Craniofacial anomalies include a wide spectrum of malformations. Accurate sonographic diagnosis is possible from early gestation onward and has been described in many publications.15 However, a meticulous scanning technique is required that may be difficult to apply in all examinations. Part of the problem is the reconstruction from tomographic planes of the complex tridimensional anatomy of the face. Furthermore, the face is frequently difficult or impossible to access owing to the position of the fetus. Most national guidelines for the standard examination of fetal anatomy include only a few views of the fetal face, mostly demonstration of orbits and eyes, but do not consider feasible an examination of nose, lips, and chin. The accuracy of referral centers in the investigation of high-risk patients is universally reported to be very high.26 Conversely, the sensitivity of standard examinations in a low-risk group of patients is extremely variable, but tends to be low, in the range of 20% to 40%, with a general tendency to recognize facial malformations associated with other anomalies and to miss the isolated ones.710

Craniofacial malformations may be clinically relevant when seen in isolation, and they may also be associated with other congenital anomalies or be a part of a syndrome. Evaluation of the face is indeed an important part of the clinical genetic examination that is performed postnatally. Therefore, any time a fetal anomaly is identified, the diagnostic workup should include a detailed examination of the fetal face. Apart from obvious malformations, such examinations may also identify subtle dysmorphism that may be crucial for a definitive diagnosis.

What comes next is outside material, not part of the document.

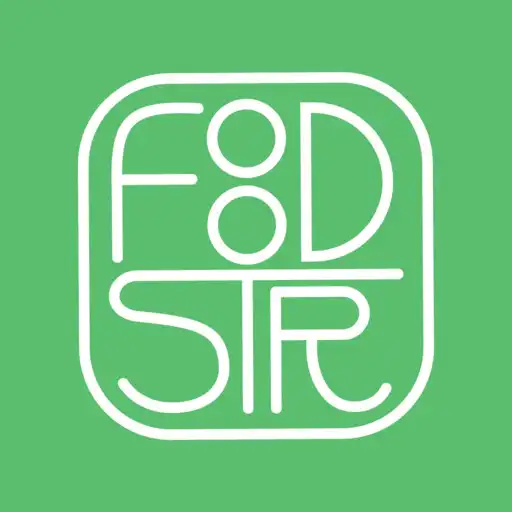 Play Healthy foods - Foodstr APK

Normal Sonographic Anatomy of the Fetal Face

With two-dimensional (2D) ultrasound, a combination of planes must be used to assess facial anomalies (Fig. 11-1).1,3,4,6 The following discussion applies mostly to the midtrimester fetus. However, many details of facial anatomy can be identified as early as 11 weeks, particularly by using transvaginal sonography. In the third trimester of gestation, the examination frequently fails because of intrauterine crowding and unfavorable fetal position. Necessary prerequisites of sonography of the fetal face are that it is accessible and there is a pocket of amniotic fluid in front of it, particularly for three-dimensional scanning.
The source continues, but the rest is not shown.